Each domain specifies:
- a policy that the agent must follow
- a set of tools that the agent can use
- a set of tasks to evaluate the agent's performance
- Optionally: A set of tools that the user simulator can use
Domains are:
mockairlineretailtelecom
All the information that an agent developer needs to build an agent for a domain can be accessed through the domain's API docs. See View domain documentation for more details.
Installation
- Clone the repository:
git clone https://github.com/amazon-agi/tau2-bench-verified
cd tau2-bench-verified
- Create a new environment (optional)
-bench requires Python 3.10 or higher.

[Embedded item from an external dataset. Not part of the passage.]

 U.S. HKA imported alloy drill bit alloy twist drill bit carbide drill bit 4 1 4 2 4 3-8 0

You may create and activate a new environment:
python -m venv .venv
source .venv/bin/activate
- Install tau2
pip install -e .
This will enable you to run the tau2 command.
Note: If you use pip install . (without -e), you'll need to set the TAU2_DATA_DIR environment variable to point to your data directory:
export TAU2_DATA_DIR=/path/to/your/tau2-bench-verified/data
Check your data directory setup:
After installation, you can verify that your data directory is correctly configured by running:
tau2 check-data
This command will check if the data directory exists and print instructions if it is missing.

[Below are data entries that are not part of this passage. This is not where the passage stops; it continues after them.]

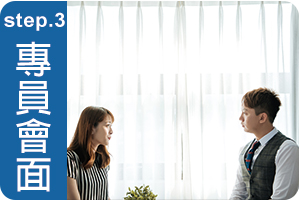 高雄徵信社專員與您相約時間地點做會面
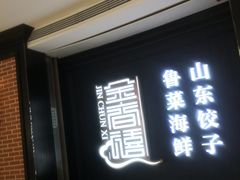 -金春禧(贵和领秀城店)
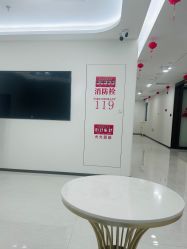 -上海宏康医院·医疗美容科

To remove all the generated files and the virtual environment, run:
make clean
Quick Start
Setup LLM API keys
We use LiteLLM to manage LLM APIs, so you can use any LLM provider supported by LiteLLM.
To provide your API keys, copy .env.example as .env and edit it to include your API keys.
Run agent evaluation
To run a test evaluation on only 5 tasks with 1 trial per task, run:
tau2 run \
--domain airline \
--agent-llm gpt-4.1 \
--user-llm gpt-5.1 \
--num-trials 1 \
--num-tasks 5
Results will be saved in data/tau2/simulations/.

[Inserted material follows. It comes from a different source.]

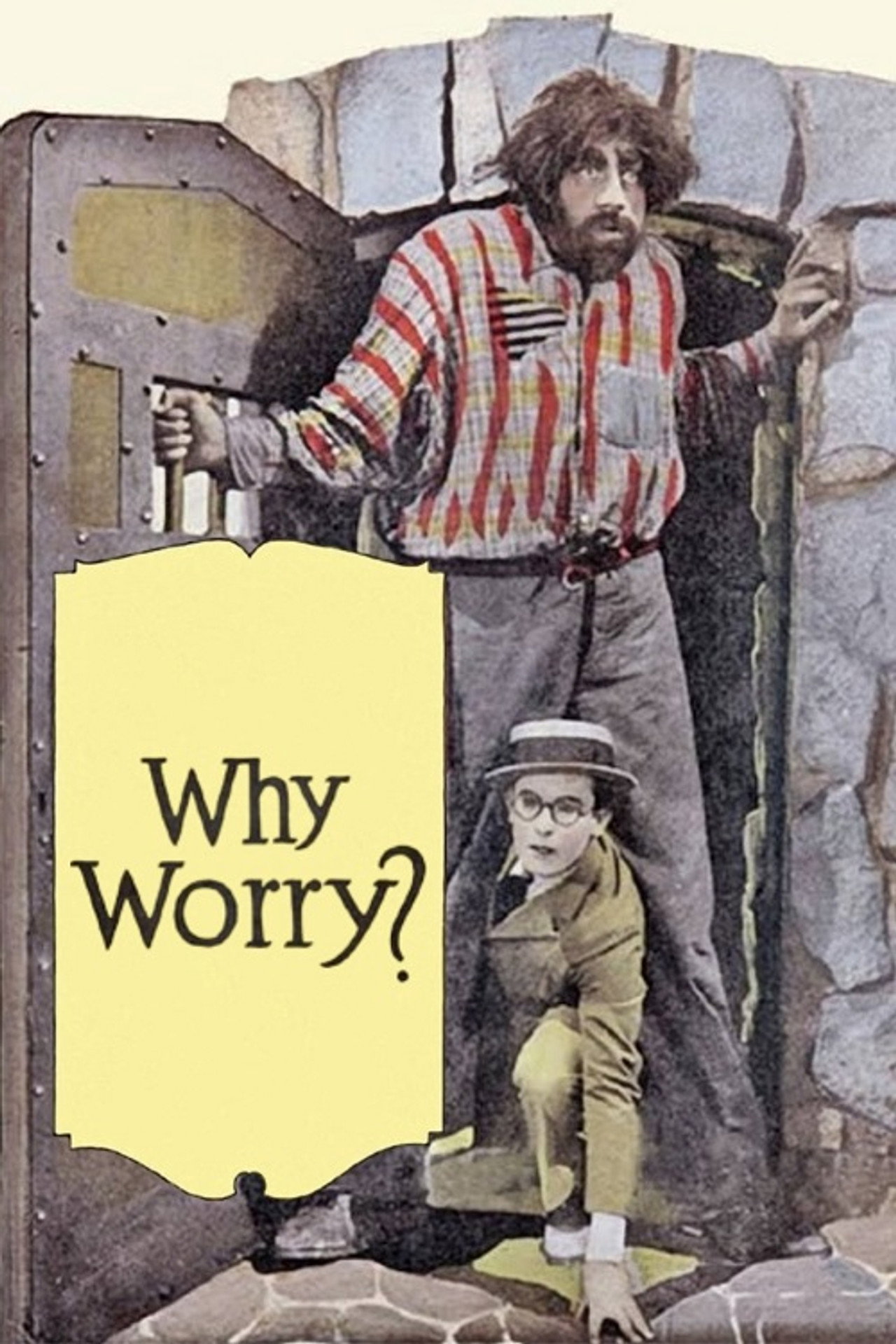¡Venga alegría! (1923)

💡 Tip: For full agent evaluation that matches the original τ²-bench-Verified methodology, remove
--num-tasksand use--task-split baseto evaluate on the complete task set.
Command Line Interface
The tau2 command provides a unified interface for all functionality:
Running Benchmark
tau2 run \
--domain <domain> \
--agent-llm <llm_name> \
--user-llm <llm_name> \
--num-trials <trial_count> \
--task-ids <task_ids> \
--max-concurrency <concurrent_sims> \
...
Interactive Play Mode
tau2 play
Experience τ²-bench-Verified from either perspective! The play mode allows you to:
- Play as Agent: Manually control the agent's responses and tool calls
- Play as User: Control the user while an LLM agent handles requests (available in domains with user tools like telecom)
- Understand tasks by walking through scenarios step-by-step
- Test strategies before implementing them in code
- Choose task splits to practice on training data or test on held-out tasks
This is perfect for:
- Getting familiar with domain policies and tools from both perspectives
- Debugging task scenarios and conversation flows
- Developing intuition for agent strategies
- Testing user behavior and agent responses
- Training yourself before training your model!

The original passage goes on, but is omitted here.